The Reserve Bank of India (RBI) has announced a record dividend transfer of ₹2.86 lakh crore to the central government, igniting a significant debate among economists and market participants. While this marks the highest surplus transfer in the RBI's history, some experts, including Capital Mind CEO Deepak Shenoy, have expressed disappointment, arguing that the central bank could have contributed even more.
Shenoy, a SEBI-registered portfolio manager, took to social media to call the payout "a little disappointing." He highlighted that despite the RBI reporting nearly ₹4 lakh crore in profits, it chose to allocate a substantial portion to its Contingent Risk Buffer (CRB) rather than transferring a larger sum to the government. The CRB is a vital reserve maintained by the RBI to protect against unforeseen financial shocks, market volatility, and systemic risks.
Debate Over Reserve Allocation
Deepak Shenoy questioned the necessity of such a large reserve, pointing out that the CRB has historically remained unused. He suggested that the RBI's balance sheet appears "extremely bloated" and proposed that the central bank consider selling some of its gold holdings and reducing its balance sheet size to facilitate higher future payouts to the government.

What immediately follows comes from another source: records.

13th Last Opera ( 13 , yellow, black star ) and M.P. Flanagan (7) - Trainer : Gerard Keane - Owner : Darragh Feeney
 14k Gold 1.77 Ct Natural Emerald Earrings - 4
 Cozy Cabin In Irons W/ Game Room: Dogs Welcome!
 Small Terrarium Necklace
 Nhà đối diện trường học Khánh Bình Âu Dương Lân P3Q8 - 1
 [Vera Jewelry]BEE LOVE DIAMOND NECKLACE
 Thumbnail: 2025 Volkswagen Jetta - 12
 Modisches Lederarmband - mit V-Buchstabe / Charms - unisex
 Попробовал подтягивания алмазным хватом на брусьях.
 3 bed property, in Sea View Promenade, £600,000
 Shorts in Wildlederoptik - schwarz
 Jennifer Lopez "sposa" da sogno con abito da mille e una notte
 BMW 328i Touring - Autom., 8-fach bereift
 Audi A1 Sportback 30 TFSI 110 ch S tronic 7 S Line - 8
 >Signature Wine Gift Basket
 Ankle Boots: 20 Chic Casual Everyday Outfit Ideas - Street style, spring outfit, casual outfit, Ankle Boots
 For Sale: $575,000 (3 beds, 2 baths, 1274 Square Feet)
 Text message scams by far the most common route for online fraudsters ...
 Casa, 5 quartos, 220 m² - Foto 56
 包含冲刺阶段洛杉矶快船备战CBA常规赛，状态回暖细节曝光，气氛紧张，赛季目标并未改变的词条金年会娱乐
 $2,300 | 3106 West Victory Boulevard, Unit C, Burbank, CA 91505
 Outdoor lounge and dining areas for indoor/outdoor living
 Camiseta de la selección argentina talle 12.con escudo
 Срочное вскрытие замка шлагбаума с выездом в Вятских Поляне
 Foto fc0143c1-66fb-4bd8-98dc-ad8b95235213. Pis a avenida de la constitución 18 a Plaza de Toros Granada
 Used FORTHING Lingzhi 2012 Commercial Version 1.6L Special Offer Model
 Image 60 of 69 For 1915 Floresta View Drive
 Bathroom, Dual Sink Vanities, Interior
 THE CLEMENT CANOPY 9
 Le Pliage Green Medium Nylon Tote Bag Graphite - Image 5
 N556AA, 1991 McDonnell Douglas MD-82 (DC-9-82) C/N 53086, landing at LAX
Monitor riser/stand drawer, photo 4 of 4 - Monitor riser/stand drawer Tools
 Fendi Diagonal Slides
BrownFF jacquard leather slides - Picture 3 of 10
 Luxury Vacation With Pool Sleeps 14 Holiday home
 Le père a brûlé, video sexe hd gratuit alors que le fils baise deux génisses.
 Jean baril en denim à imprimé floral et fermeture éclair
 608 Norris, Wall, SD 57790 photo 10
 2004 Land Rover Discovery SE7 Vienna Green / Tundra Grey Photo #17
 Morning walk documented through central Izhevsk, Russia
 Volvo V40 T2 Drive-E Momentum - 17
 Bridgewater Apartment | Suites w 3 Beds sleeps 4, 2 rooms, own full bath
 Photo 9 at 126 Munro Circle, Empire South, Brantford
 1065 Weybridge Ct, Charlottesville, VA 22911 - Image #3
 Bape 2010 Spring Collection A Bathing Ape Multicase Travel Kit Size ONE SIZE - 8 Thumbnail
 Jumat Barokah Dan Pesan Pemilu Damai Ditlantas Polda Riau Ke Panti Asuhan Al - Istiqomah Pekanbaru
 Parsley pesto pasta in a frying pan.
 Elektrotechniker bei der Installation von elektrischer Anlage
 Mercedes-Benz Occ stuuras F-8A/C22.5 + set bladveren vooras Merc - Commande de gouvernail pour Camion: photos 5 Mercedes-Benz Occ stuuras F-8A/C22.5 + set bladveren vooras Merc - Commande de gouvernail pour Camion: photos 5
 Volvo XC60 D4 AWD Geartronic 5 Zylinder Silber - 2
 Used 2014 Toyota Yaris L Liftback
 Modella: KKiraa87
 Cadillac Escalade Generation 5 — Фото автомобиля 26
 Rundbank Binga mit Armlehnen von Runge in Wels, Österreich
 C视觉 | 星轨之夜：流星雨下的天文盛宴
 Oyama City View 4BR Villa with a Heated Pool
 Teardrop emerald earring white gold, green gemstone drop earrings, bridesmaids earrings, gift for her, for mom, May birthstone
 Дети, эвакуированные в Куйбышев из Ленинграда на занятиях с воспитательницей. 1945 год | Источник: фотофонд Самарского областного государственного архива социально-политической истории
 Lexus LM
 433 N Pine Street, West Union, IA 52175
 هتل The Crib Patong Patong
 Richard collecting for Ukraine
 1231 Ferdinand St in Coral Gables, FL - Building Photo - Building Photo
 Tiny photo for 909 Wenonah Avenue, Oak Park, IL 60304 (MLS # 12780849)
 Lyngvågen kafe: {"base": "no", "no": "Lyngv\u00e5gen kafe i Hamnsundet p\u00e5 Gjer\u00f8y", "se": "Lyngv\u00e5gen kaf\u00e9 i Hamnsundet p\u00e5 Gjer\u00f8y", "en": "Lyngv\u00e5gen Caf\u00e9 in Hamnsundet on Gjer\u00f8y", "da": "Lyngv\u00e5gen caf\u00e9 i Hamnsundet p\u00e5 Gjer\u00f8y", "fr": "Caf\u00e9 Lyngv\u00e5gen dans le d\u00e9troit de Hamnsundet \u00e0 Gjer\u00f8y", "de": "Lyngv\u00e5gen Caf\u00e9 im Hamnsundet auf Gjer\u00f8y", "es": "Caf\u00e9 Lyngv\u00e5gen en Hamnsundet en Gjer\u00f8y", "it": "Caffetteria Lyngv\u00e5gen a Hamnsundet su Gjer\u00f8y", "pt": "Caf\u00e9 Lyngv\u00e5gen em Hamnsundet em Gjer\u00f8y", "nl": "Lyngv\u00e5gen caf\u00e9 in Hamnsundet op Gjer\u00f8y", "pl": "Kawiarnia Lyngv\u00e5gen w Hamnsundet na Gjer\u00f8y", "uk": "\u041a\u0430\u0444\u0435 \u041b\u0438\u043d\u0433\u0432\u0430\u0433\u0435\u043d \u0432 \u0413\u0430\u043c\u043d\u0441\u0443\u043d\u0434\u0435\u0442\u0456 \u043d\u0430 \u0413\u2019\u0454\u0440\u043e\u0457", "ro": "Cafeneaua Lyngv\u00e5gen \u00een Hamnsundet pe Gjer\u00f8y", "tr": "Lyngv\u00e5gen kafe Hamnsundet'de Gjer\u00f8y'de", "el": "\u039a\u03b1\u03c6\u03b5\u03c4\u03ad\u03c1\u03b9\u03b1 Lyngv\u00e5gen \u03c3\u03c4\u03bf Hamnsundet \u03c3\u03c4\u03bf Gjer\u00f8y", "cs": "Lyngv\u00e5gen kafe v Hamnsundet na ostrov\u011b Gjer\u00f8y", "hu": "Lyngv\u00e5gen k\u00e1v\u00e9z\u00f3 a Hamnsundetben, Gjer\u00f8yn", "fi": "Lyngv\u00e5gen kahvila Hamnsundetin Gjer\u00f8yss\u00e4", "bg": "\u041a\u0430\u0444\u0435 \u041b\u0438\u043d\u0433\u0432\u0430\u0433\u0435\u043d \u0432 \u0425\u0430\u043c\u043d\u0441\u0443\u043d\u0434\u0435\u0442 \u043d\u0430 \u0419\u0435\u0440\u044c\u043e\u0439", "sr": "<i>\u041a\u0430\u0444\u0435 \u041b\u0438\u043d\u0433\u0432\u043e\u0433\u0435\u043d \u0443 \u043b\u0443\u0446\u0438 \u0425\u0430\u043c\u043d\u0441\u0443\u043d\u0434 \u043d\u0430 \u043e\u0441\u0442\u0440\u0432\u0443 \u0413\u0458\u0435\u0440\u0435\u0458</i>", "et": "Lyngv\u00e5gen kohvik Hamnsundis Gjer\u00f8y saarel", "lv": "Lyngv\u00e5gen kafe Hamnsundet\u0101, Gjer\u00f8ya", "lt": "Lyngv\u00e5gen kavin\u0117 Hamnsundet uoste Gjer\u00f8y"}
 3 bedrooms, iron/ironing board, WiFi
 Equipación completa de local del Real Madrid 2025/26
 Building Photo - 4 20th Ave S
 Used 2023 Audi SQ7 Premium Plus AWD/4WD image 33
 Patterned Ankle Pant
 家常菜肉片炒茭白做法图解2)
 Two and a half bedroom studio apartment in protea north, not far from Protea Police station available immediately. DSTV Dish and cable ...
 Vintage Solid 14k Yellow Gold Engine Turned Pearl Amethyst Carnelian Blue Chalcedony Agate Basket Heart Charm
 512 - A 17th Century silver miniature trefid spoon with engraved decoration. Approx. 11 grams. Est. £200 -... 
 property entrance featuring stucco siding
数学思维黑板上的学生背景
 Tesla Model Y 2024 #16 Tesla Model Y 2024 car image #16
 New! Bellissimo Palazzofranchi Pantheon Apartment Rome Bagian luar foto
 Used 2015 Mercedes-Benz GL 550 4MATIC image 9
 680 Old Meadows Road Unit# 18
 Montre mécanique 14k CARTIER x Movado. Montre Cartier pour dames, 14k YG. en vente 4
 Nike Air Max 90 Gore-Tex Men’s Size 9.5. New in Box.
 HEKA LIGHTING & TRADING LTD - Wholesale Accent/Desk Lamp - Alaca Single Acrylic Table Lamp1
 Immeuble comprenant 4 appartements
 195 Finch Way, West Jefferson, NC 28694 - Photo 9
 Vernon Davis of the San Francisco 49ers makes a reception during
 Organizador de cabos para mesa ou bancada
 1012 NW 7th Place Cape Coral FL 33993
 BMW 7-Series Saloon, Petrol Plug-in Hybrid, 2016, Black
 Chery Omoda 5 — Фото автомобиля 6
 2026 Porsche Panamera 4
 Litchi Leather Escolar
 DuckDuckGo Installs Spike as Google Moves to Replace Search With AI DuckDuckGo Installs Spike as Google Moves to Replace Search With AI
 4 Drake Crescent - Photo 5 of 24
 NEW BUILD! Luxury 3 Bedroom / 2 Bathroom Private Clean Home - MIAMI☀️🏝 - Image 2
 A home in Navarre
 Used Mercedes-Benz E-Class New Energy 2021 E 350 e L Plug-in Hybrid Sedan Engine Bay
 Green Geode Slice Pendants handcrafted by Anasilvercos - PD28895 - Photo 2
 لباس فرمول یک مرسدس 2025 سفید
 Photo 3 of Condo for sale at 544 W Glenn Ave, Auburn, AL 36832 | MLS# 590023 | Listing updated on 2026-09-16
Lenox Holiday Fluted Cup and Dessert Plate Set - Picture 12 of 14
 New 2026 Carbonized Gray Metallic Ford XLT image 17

However, Shenoy's remarks quickly drew counterarguments online. Several users defended the RBI's cautious approach, emphasizing that recent unprecedented global events justify maintaining robust financial buffers. One commenter noted, "Never had to use it… but sir, what if they do? All kinds of unprecedented things are happening in our lifetime," underscoring the importance of reserves in uncertain times. Others defended the RBI's growing gold reserves as a strategic asset, not merely a balance sheet item to be sold.
Fiscal Support Amid Economic Challenges
The record dividend transfer is expected to provide crucial fiscal support to the government as it navigates the start of FY2026-27. This comes amidst a backdrop of global uncertainties, including geopolitical tensions in West Asia, elevated crude oil prices (surpassing $100 per barrel), and a weakening rupee. Foreign portfolio investors (FPIs) have withdrawn ₹2.22 lakh crore from Indian equities this year, adding pressure on the currency, which recently touched a record low before RBI intervention.
While the ₹2.86 lakh crore payout exceeds last year's ₹2.69 lakh crore transfer, it falls short of the government's broader budget estimate of ₹3.16 lakh crore from RBI surplus and public sector undertaking (PSU) dividends combined. The RBI's financial performance remained strong, with gross income rising by 26.42% and its balance sheet expanding by 20.61% to ₹91.97 lakh crore. The central bank allocated ₹1.09 lakh crore to its CRB, more than double the previous year's amount, enhancing its capacity to respond to future financial and market shocks.
Economists generally agree that the transfer will bolster government spending and fiscal management. Nevertheless, concerns persist regarding potential higher fuel and fertilizer subsidy requirements, weaker tax collections, and the sustained impact of elevated oil prices. Some analysts predict the fiscal deficit could exceed the budget target of 4.3% of GDP, particularly if crude prices remain high.